While frustration grows among parents and students alike, the labour dispute is even more frustrating for those students who have come from abroad to study in B.C.

"The first few days I was trying to explain to them what was going on, and it's hard, you know?" said Lindsey Rosstrom, who is playing host to two international students from Spain and Austria.

"They just really want to go to school."

The two boys arrived in Canada last week.

Since then, they've been attending field trips and acculturation classes with other international students in the district.

"They meet at the Aava Hotel around nine every morning, and then they do small activities," Rosstrom said.

"But they're getting bored because it's only international kids... and they're not really working on their English, which is the whole point of them being here."

There are more than 200 international students from all over the world in the Sea to Sky district this year, said Jody Langlois, assistant superintendent for the district.

"Some of the normal orientation routines that they go through with the international department have been going on, and then throughout the year they always have interspersed cultural activities for the students, and so those are being done now," Langlois said.

Each student pays tuition of $12,000 per year to come and study in Canada.

Despite the ongoing strike situation, there have been no cancellations in the program.

"We've had some questions (from parents), the emails coming saying sort of 'Hey, is there any news?'" Langlois said.

"I think everybody is just checking to see what the status is."

Since arriving in Canada, the students have been busy adapting to their new surroundings.

"Right now they're thoroughly enjoying the ambience in and around the area... (and) they're still taking it all in," Langlois said.

"It's quite cute watching some of them still dealing with jetlag."

It has yet to be determined how the students will be kept busy should the strike continue into the fall and beyond.

"That's something we're going to have to determine as time goes on.

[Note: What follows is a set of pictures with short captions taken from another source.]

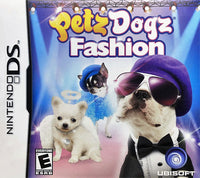 Petz Dogz Fashion (Pre-Owned)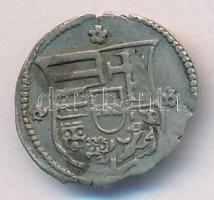 1482-1486. Denár Ag "I. Mátyás" (0.68g) + 1468-1470. Denár Ag "I. Mátyás" (0.34g...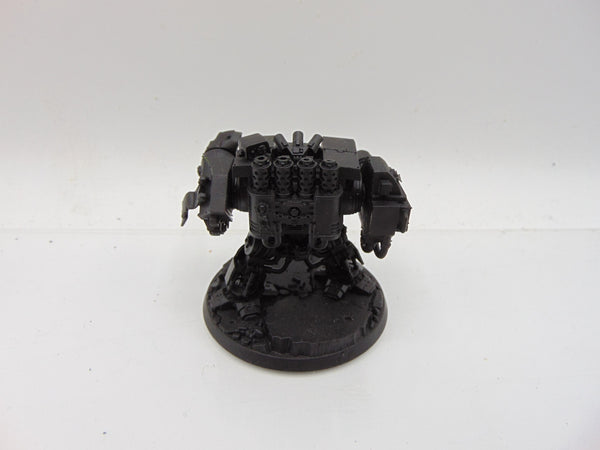 Venerable Dreadnought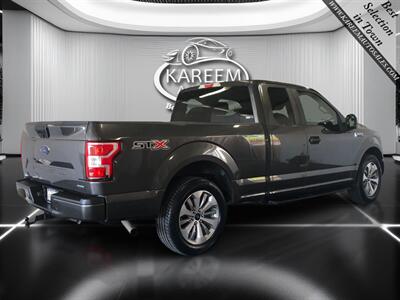 2018 Ford F-150 XL   - Photo 5 - Sacramento, CA 95825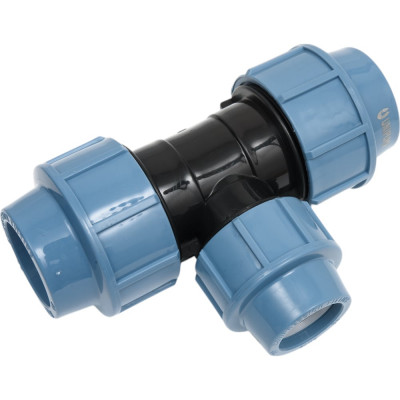 Unipump Редукционный тройник TM 265005 ф 40х32х40 13259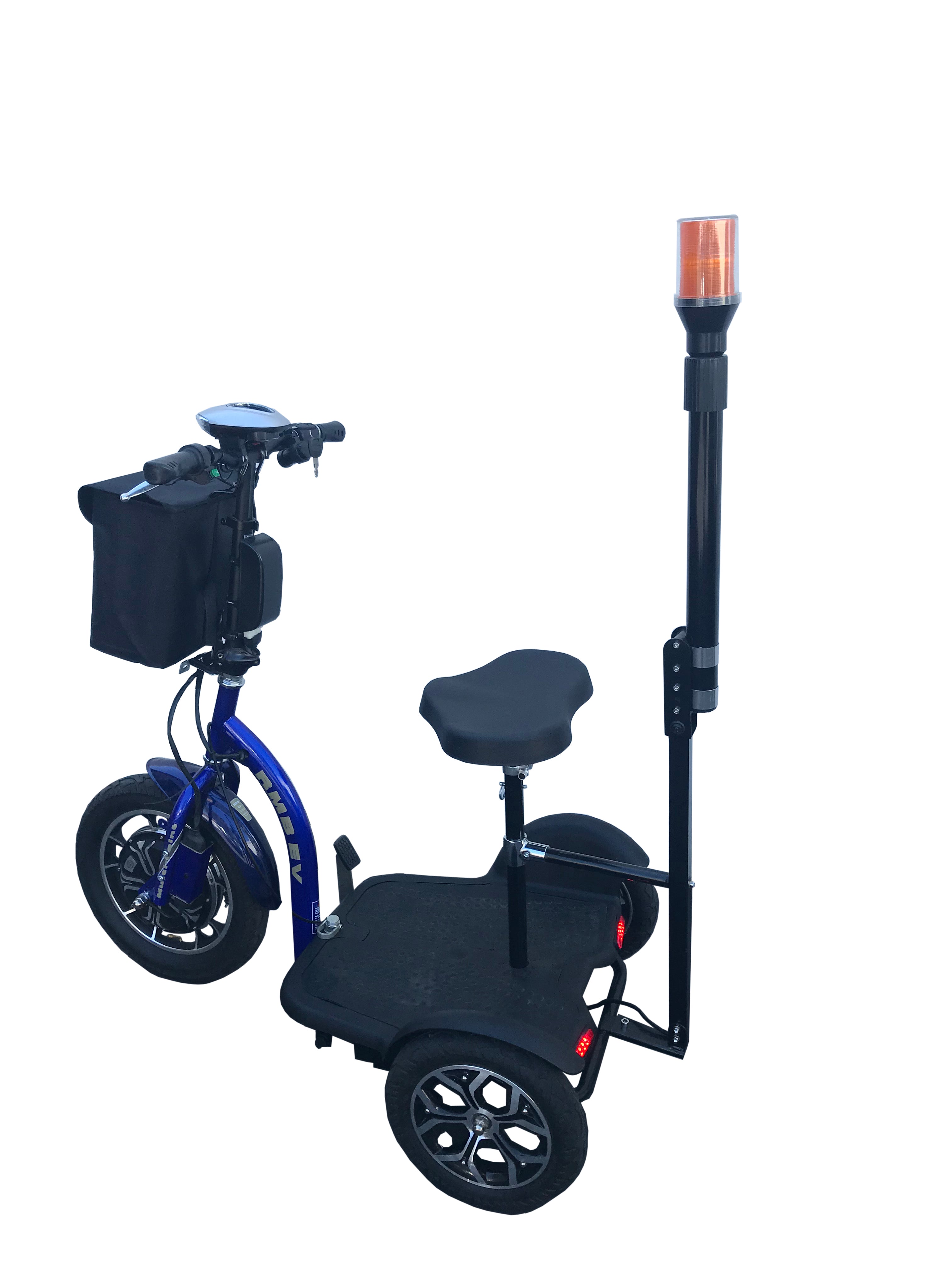 RMB Security Light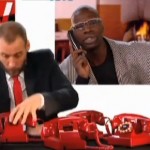 Zapping du 26 janvier 2011 (VIDEO)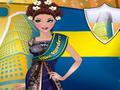 Models of the World: Sweden play online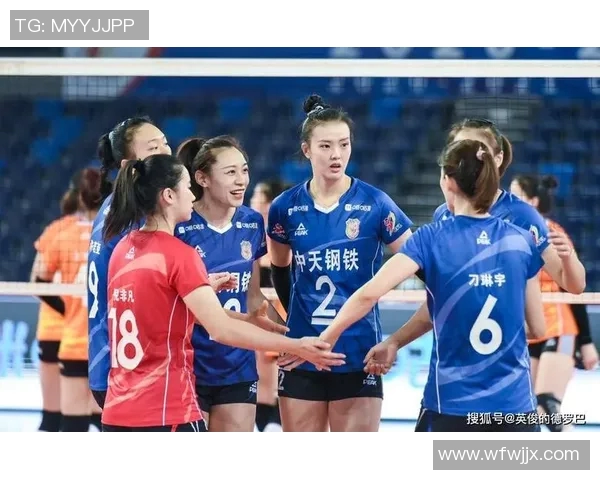 排球意识排行榜揭晓西安排球队荣获第二名的背后故事与分析 排球意识排行榜揭晓西安排球队荣获第二名的背后故事与分析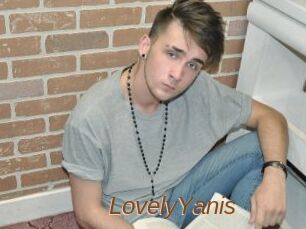 LovelyYanis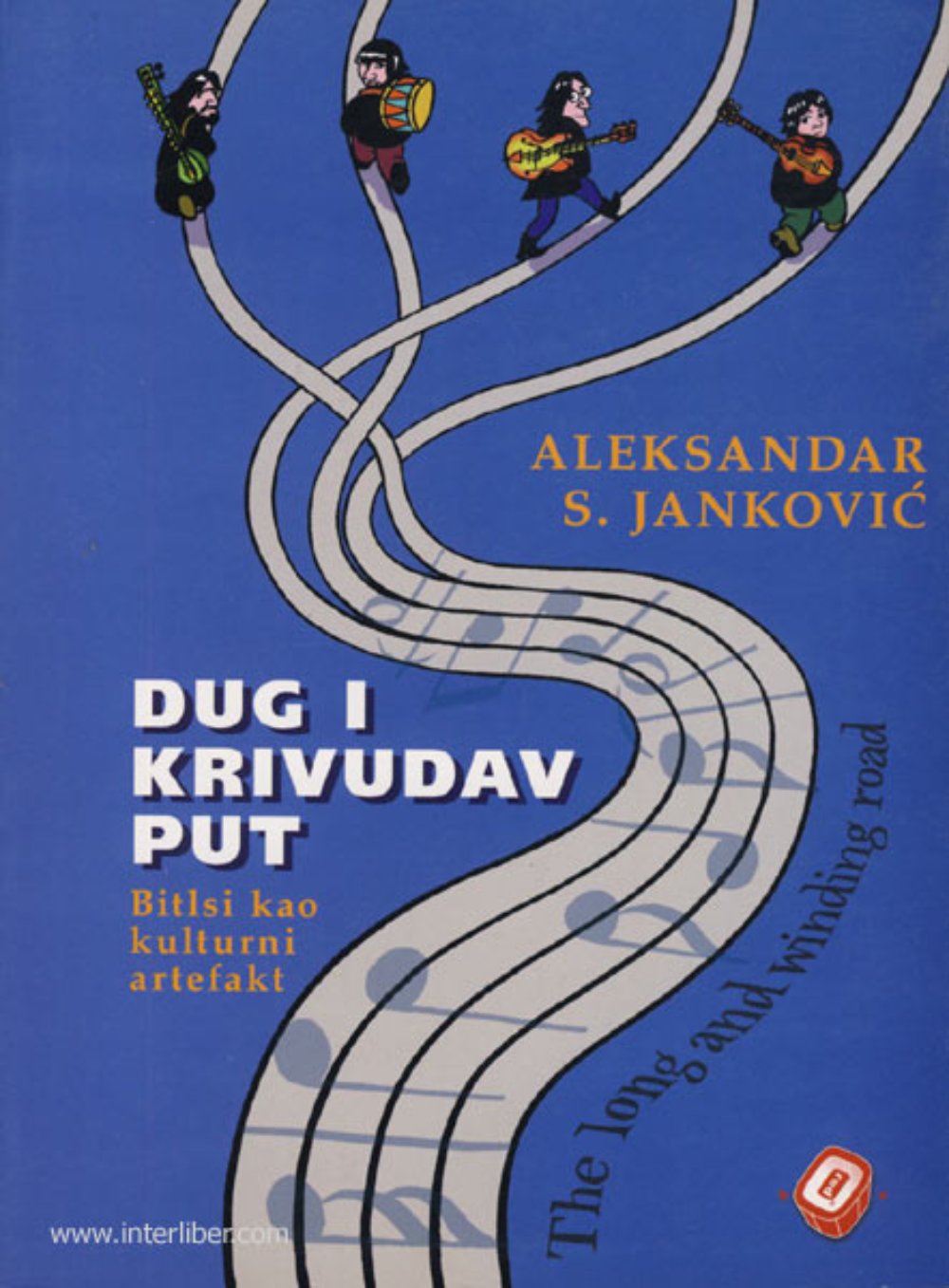 Dug i krivudav put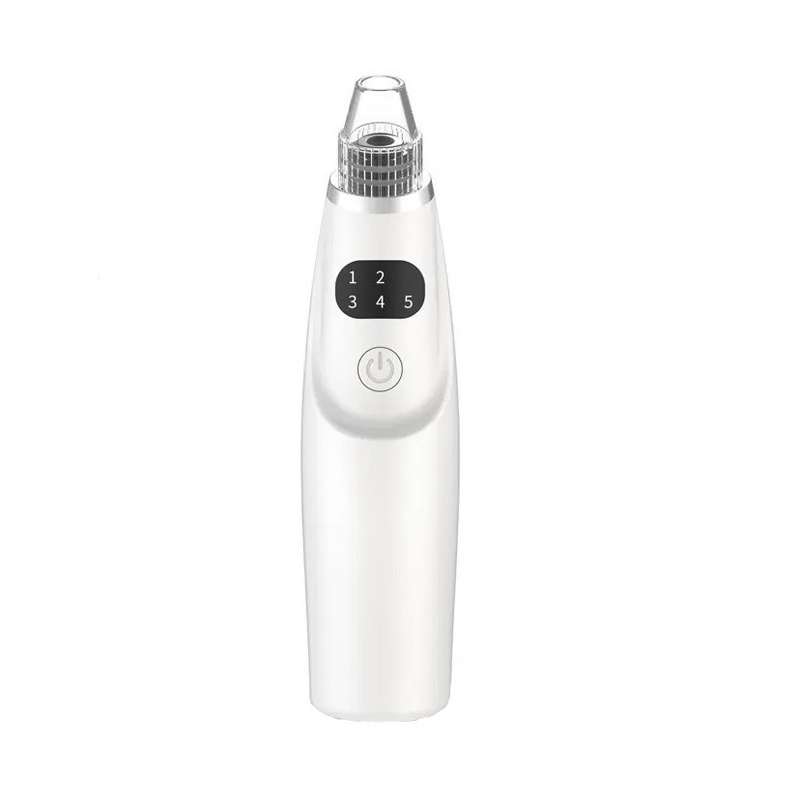 میکرودرم خانگی مدل Blackhead Remover M206 میکرودرم خانگی مدل Blackhead Remover M206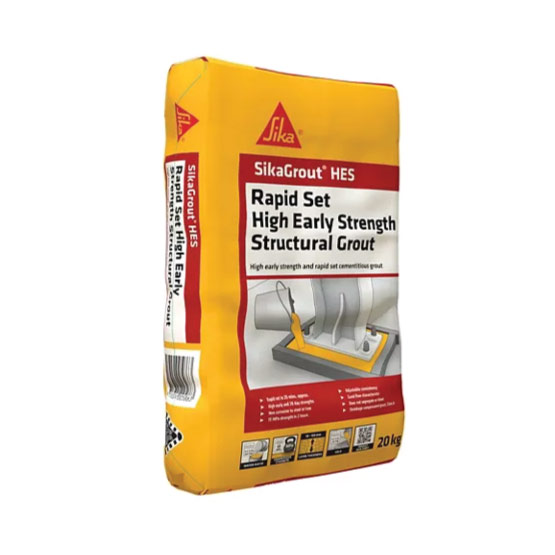 Sika Grout HES 20kg Bag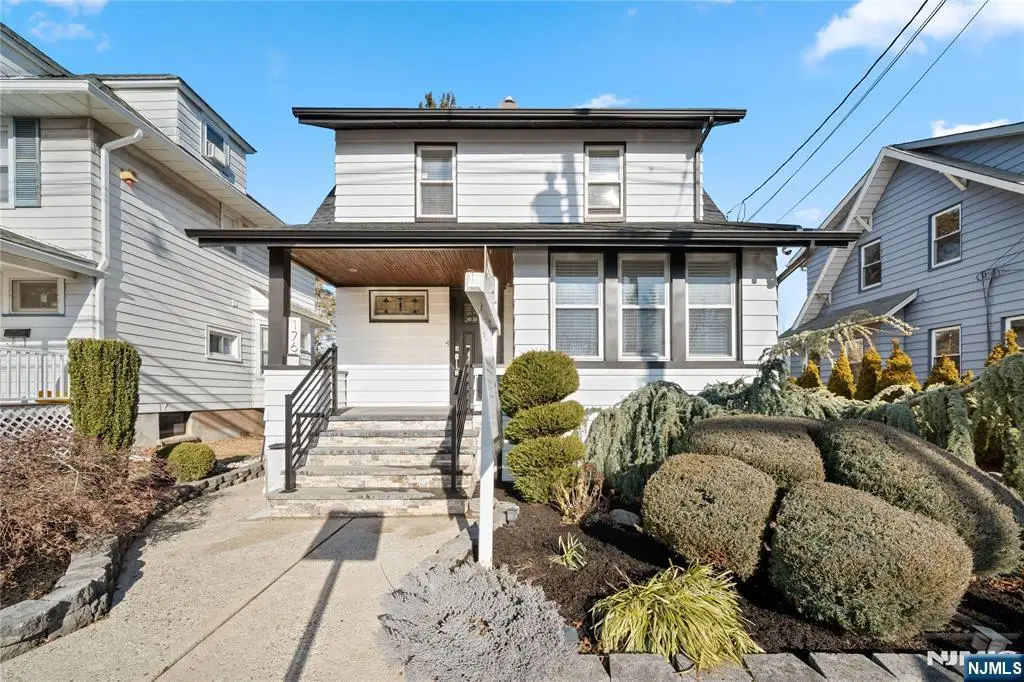 176 Colfax Avenue, Clifton, NJ 07013 - Image #1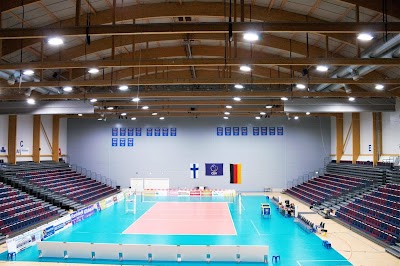 Photos of Tampere Areena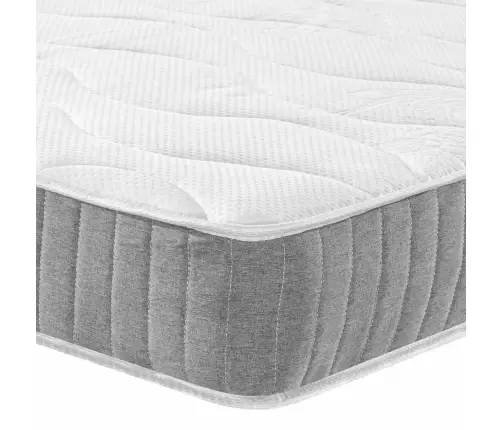 Atsperu Matracis, Medium, 180X200 Cm Vidaxl
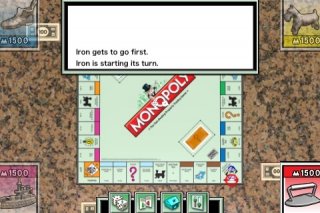 Monopoly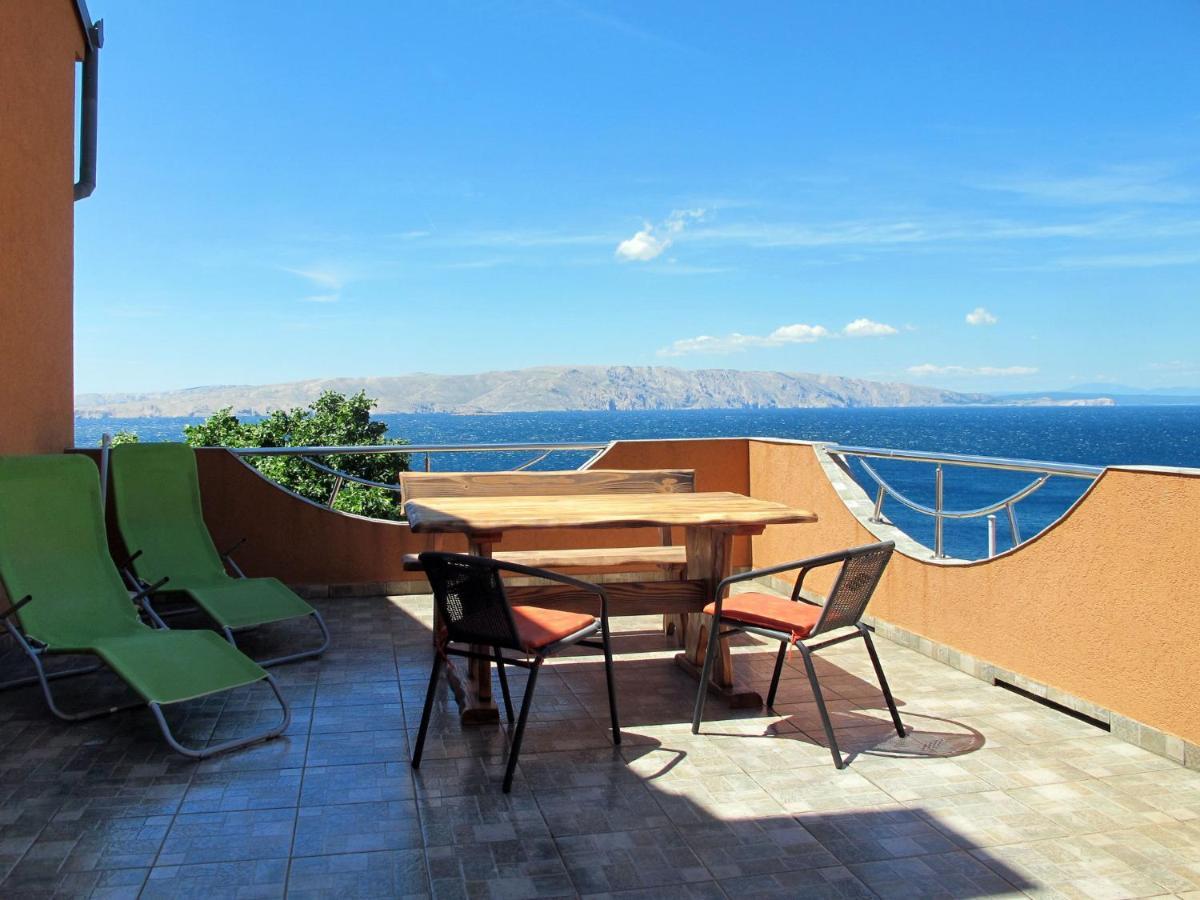 Apartment Tajana - Snj110 By Interhome Senj  Esterno foto
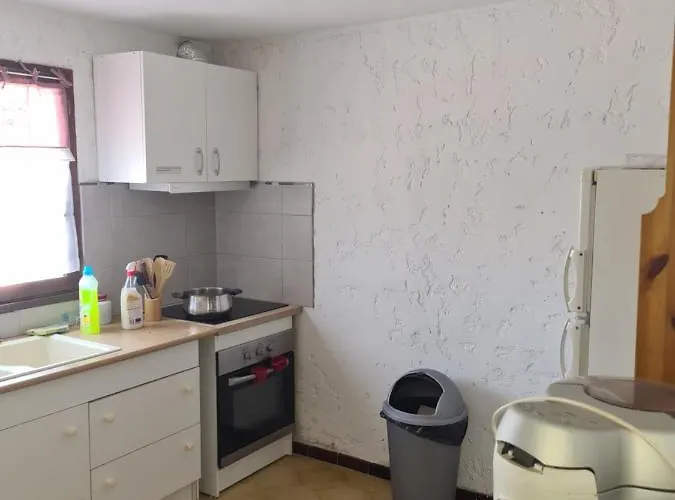 La Picarde T3 De 50m2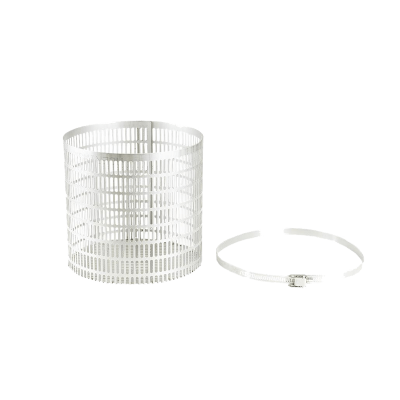 ФИЛЬТР Strainer cpl. D210x192x1,0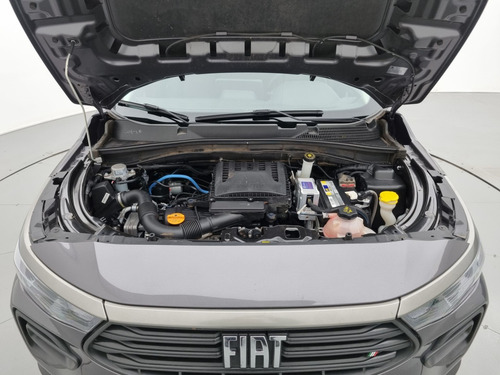 Fiat Pulse 1.3 FLEX DRIVE CVT
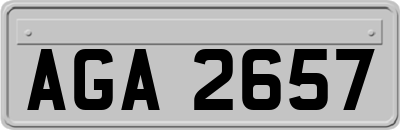 AGA2657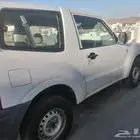 للبيع باجيرو 2006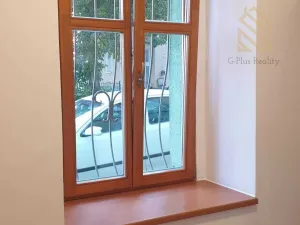 Pronájem bytu 1+1, Ústí nad Labem - Ústí nad Labem-centrum, Čajkovského, 38 m2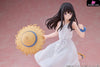 Lycoris Recoil Chisato Nishikigi & Takina Inoue White Dress 1/7 Scale Figure - BellFine [In-Stock] - Others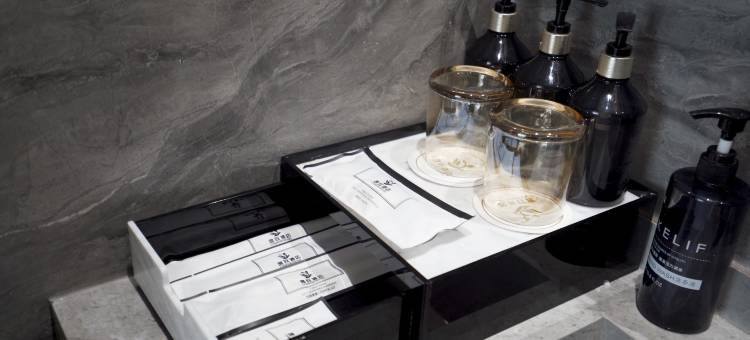 范县逸致酒店(黄河路店)图片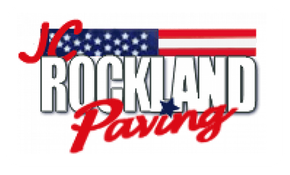 JC Rockland Paving - logo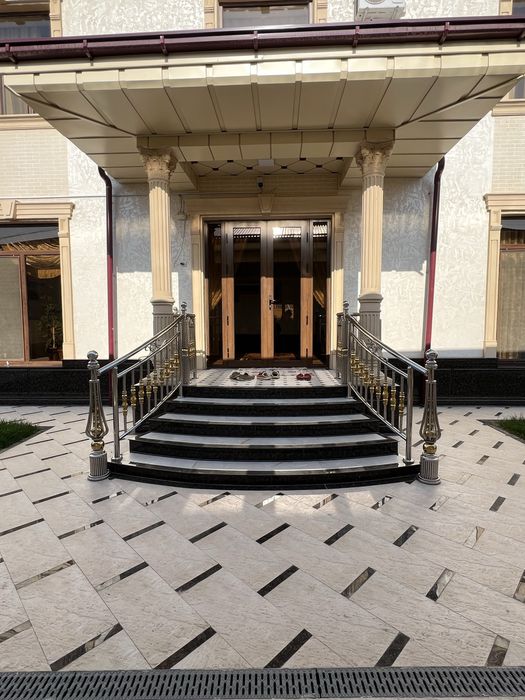 Nerjaveyka Samarqand Нержавейка Самарканд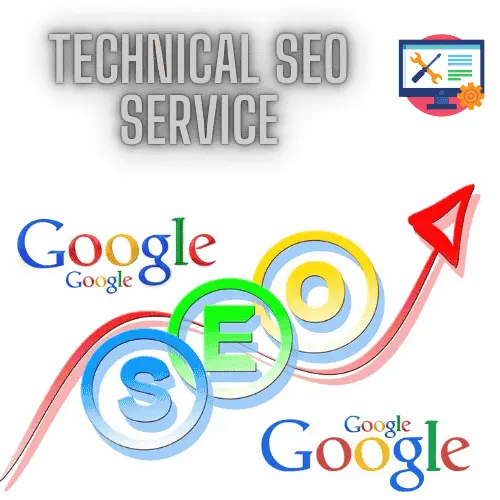 Technical SEO services provided by - youngest seo expert in bangladesh | Maruf Hossain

And as with everything in this situation, we're reassessing constantly," Langlois said.

The international exchange program is beneficial to the district in many ways, said schools superintendent Lisa McCullough.

"It's generating a lot of income for our district, (and) results in our students getting a great cultural experience themselves," she said.

And even if the school year starts later than normal, McCullough said she isn't concerned about the quality of education the students will receive.

"I still believe they're getting one of the best educations in the world by being here," she said.

The BC Teachers Federation has said it would be willing to pursue binding arbitration to end the strike.

On Tuesday, the BC Public School Employers Association rejected the offer.